[Start of Attachment]
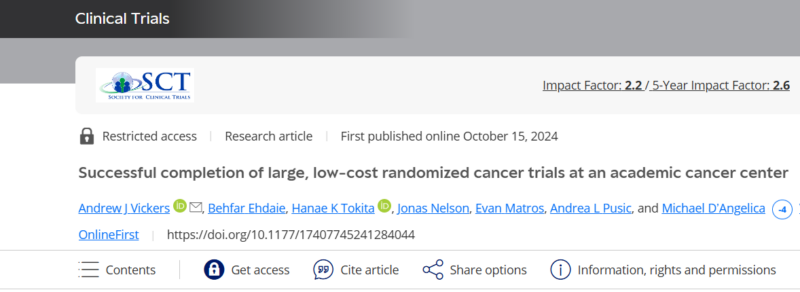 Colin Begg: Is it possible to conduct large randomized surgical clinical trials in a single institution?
[End of Attachment]
[Start of Attachment]
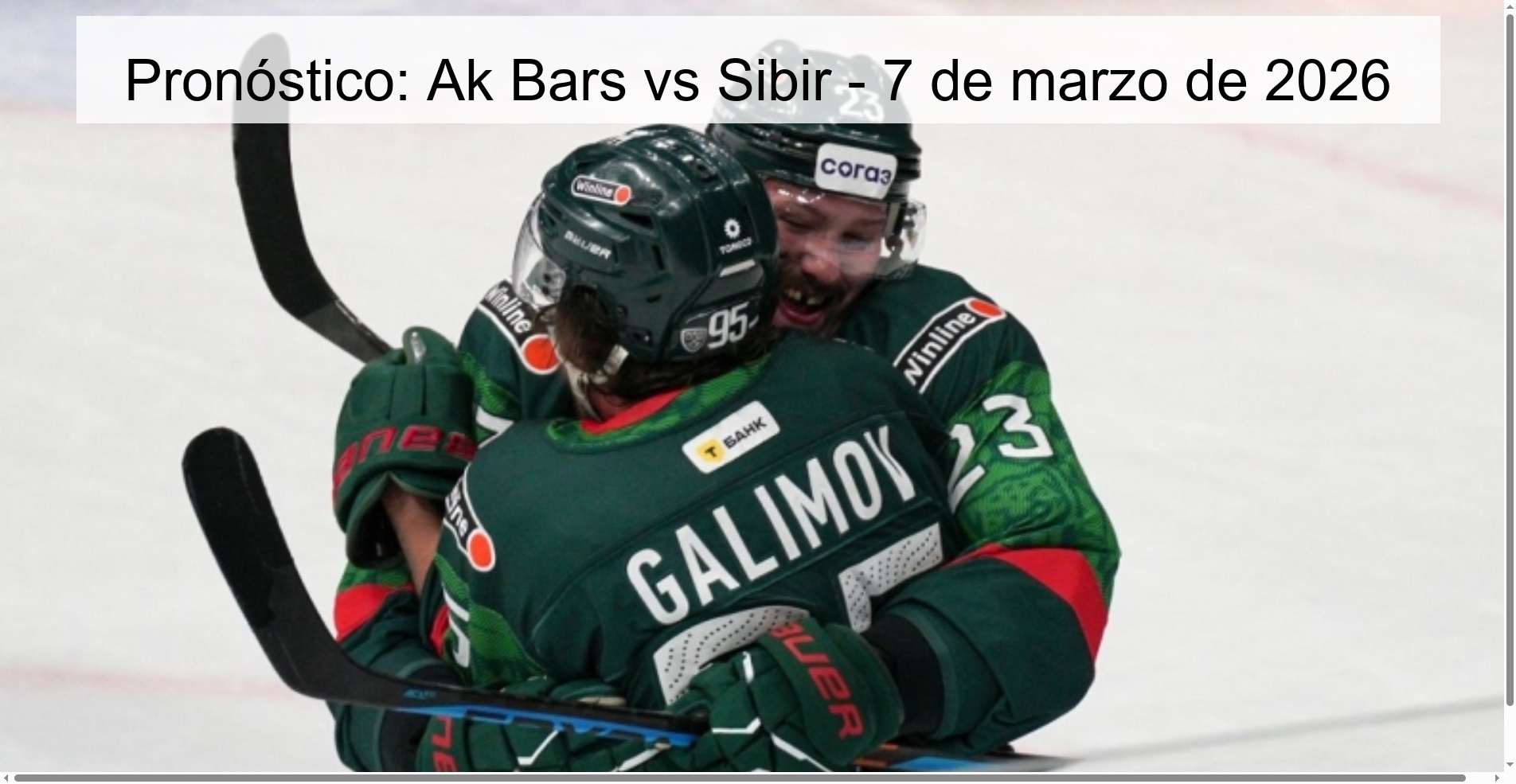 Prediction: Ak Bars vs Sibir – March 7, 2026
[End of Attachment]
[Start of Attachment]
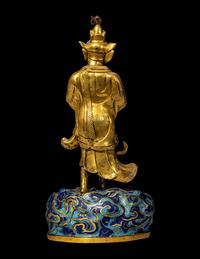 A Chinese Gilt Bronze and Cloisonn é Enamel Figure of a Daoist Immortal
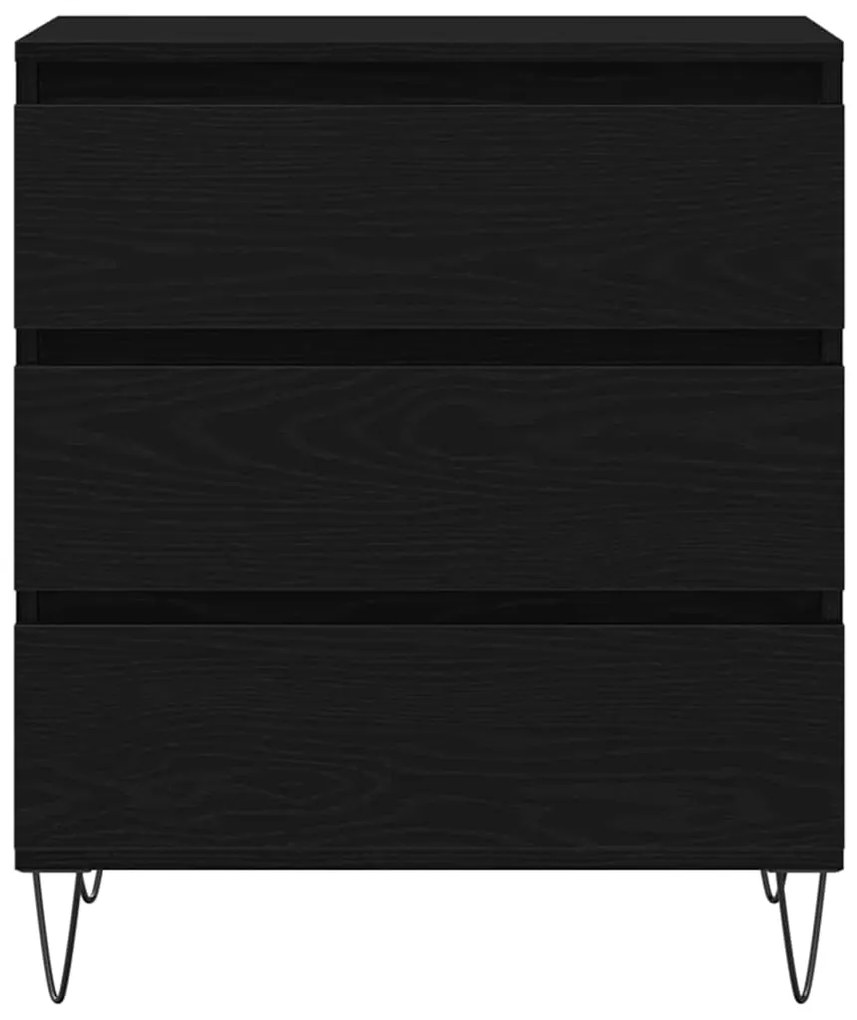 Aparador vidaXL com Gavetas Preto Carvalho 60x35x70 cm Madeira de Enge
[End of Attachment]
= ACTIVITY =
Write back the stretch of lines above that begins with the line holding "A Chinese Gilt" and ends with the line holding "Aparador vidaXL com", both included, exactly as written. Pictures stay out.

= TASK SOLUTION =
 A Chinese Gilt Bronze and Cloisonn é Enamel Figure of a Daoist Immortal
 Aparador vidaXL com Gavetas Preto Carvalho 60x35x70 cm Madeira de Enge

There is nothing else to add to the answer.